Speaking to The Morning Leader veterinary surgeon Dr. Nanadana Atapattu said the main aim of Ath Athu Sevana was to release orphaned baby elephants back to the wild.
"I started this transit home on November 6, 2005. The first baby elephant brought to the transit home was Komali. She was around two to three months old at the time. When Komali was four-and-half-years old, she was released back to the wild. We monitor the movements of the baby elephants with the help of radio collars when they are released into the wild," Dr. Atapattu said.
Dr. Atapattu added that after monitoring the baby elephants for two years, the radio collars are removed. "By this time we know the baby elephants have adapted to their new environment in the jungle. Around 50 baby elephants were released since the inception of the transit home," he added.
All baby elephants at Ath Athu Sevana have sponsors. Dr. Atapattu was instrumental in starting this foster parent scheme where the milk for the baby elephants is provided by the sponsors.
"The sponsors have agreed to provide the milk powder for the baby elephants on the agreement that these babies will eventually be released to the wild. If baby elephants are sent from Ath Athu Sevana to the Pinnawela Elephant Orphanage, the whole purpose of the transit home would be lost," explained Dr. Atapattu.

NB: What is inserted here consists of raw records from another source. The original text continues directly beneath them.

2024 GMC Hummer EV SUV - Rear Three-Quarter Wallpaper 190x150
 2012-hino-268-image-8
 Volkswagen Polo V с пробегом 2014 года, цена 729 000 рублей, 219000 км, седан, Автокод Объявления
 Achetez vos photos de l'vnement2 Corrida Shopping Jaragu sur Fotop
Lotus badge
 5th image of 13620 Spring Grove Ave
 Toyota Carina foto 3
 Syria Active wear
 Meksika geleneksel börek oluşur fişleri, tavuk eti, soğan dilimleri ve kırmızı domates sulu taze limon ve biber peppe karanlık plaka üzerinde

According to Dr. Atapattu, at the gate to the transit home a board with the motto ‘Let Them Go Back To Their Own Habitat’ is displayed.
The elephants at the Pinnawela Elephant Orphanage are relatively tame in comparison to the elephants at Ath Athu Sevana.
"If baby elephants are sent to Pinnawela they will be domesticated and eventually sent abroad and to temples including the Dalada Maligawa. More than 30 elephants have been sent abroad from the Pinnawela Elephant Orphanage upto date. The orphanage should improve its facilities for breeding," Dr. Atapattu said.
At present the Pinnawela Orphanage has eight baby elephants. "Tourists and locals come to the orphanage to see baby elephants being bottle fed. This is a good income for the orphanage. However, the main purpose of the transit home is not to transfer baby elephants to the Pinnawela Orphanage," environmentalists point out.